### PROBLEM REQUIREMENTS
Print the line containing "Immagine 1 di" and all lines after it to the end of the records below, exactly as written. No pictures.

(RECORDS FOR PROCESSING Opens)

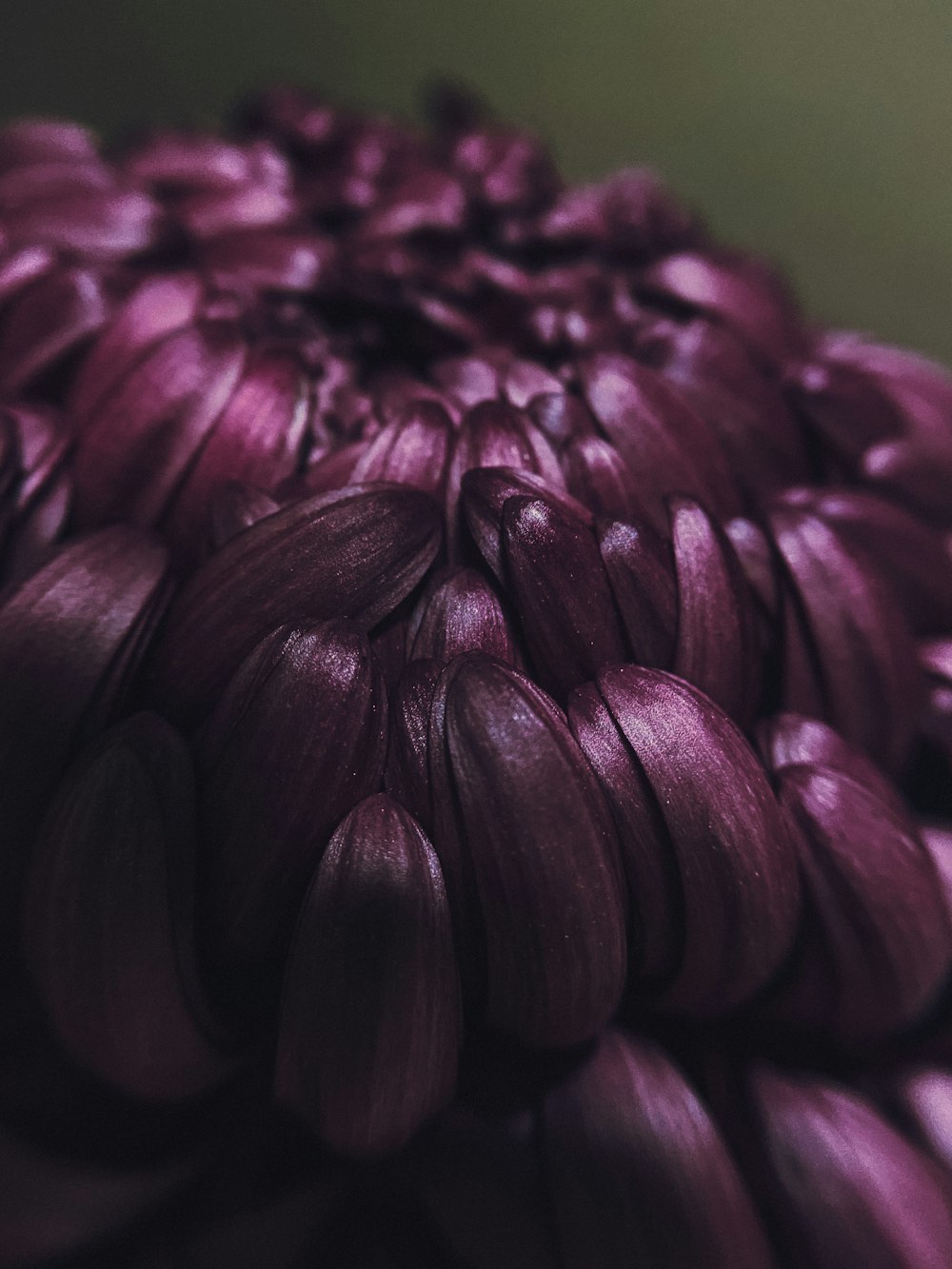 a close up view of a purple flower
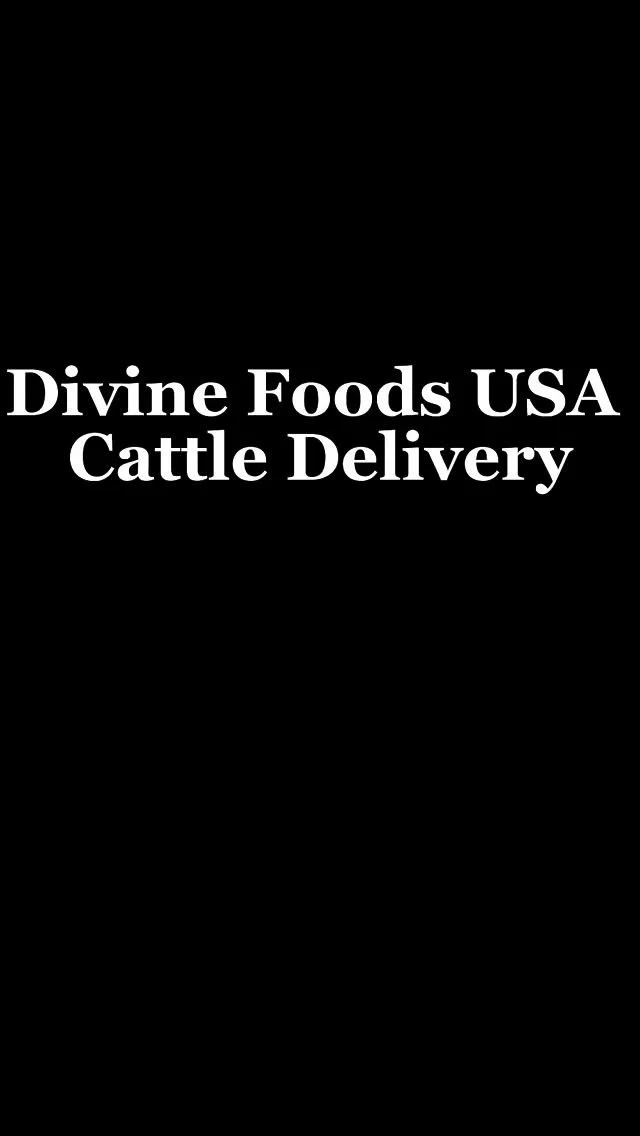 Hey y’all, Afzal here!
A truck load of beautiful cattle just arrived! I greet them with peace!
Just another day on the ranch. Living life and grateful for the circle of life.
How are y’all today? What are you up to?
We’d love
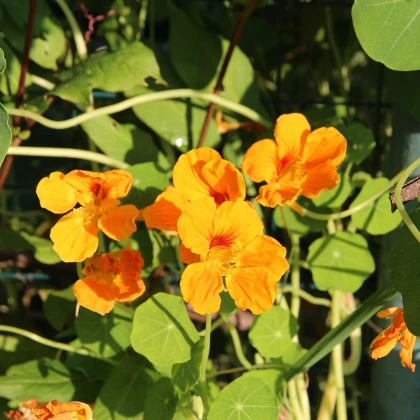 Lichořeřišnice nízká Tip Top Apricot - Kapucínka - Tropaeolum minus - semena lichořeřišnice - 12 ks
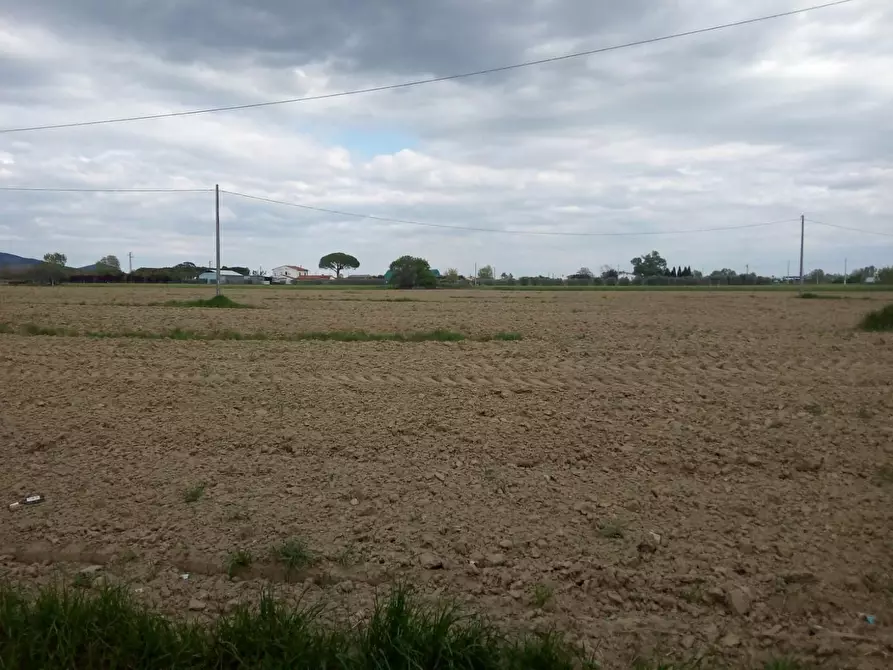 Immagine 1 di Terreno agricolo in vendita  a Cascina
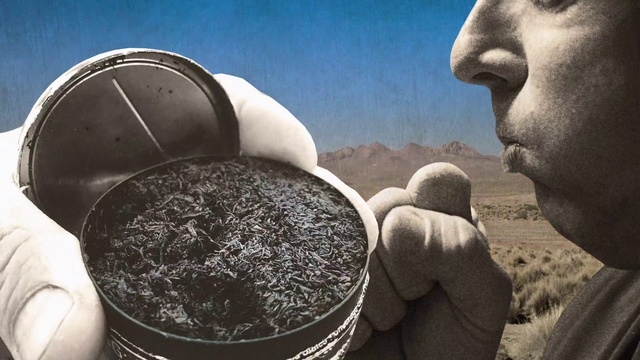 Video Reference: Sky, Gesture, Automotive tire, Happy, Art, Personal protective equipment, Landscape, Compost, Soil, Circle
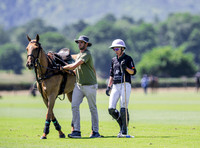 Polo action, 2025 Gold Cup,Manor Farm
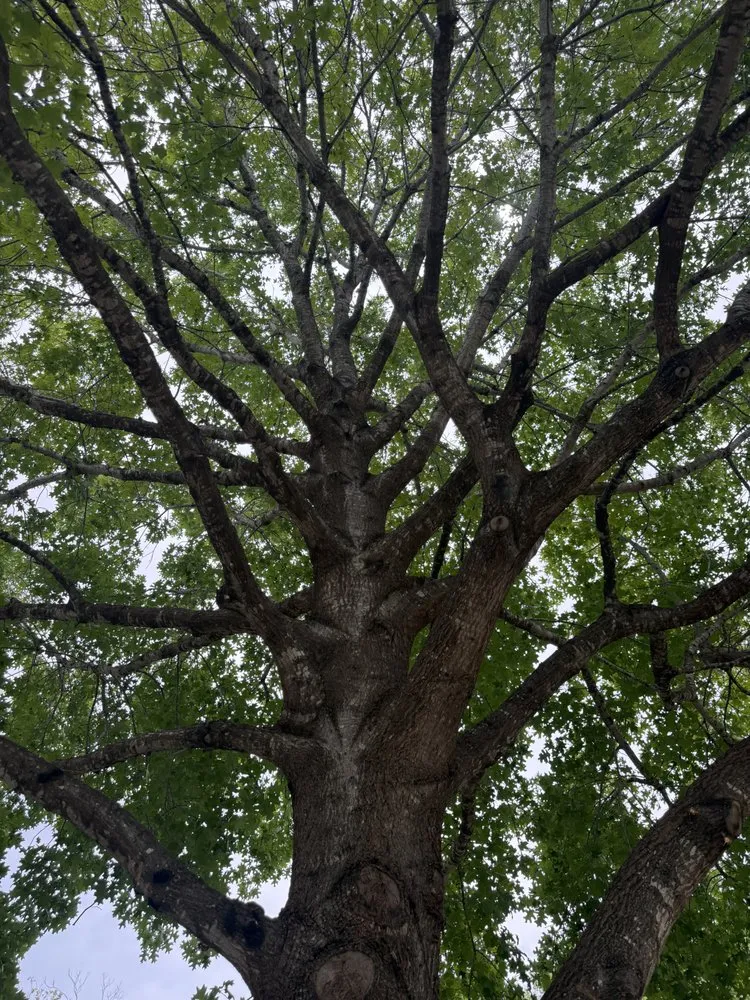 Local lawn mowing service experts serving San Antonio, TX - Atlas Tree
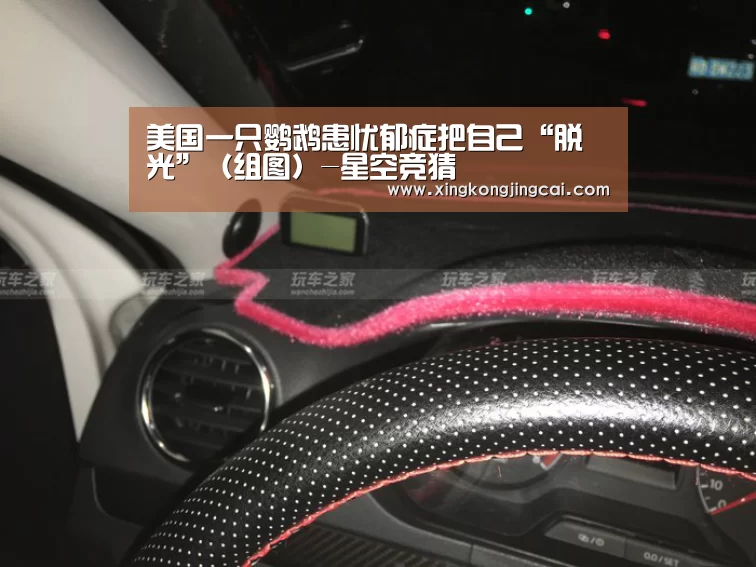 美国一只鹦鹉患忧郁症把自己“脱光”(组图)-星空竞猜(图1) 星空官网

(RECORDS FOR PROCESSING Closes)

### FINISHED EXERCISE
 Immagine 1 di Terreno agricolo in vendita  a Cascina
 Video Reference: Sky, Gesture, Automotive tire, Happy, Art, Personal protective equipment, Landscape, Compost, Soil, Circle
 Polo action, 2025 Gold Cup,Manor Farm
 Local lawn mowing service experts serving San Antonio, TX - Atlas Tree
 美国一只鹦鹉患忧郁症把自己“脱光”(组图)-星空竞猜(图1) 星空官网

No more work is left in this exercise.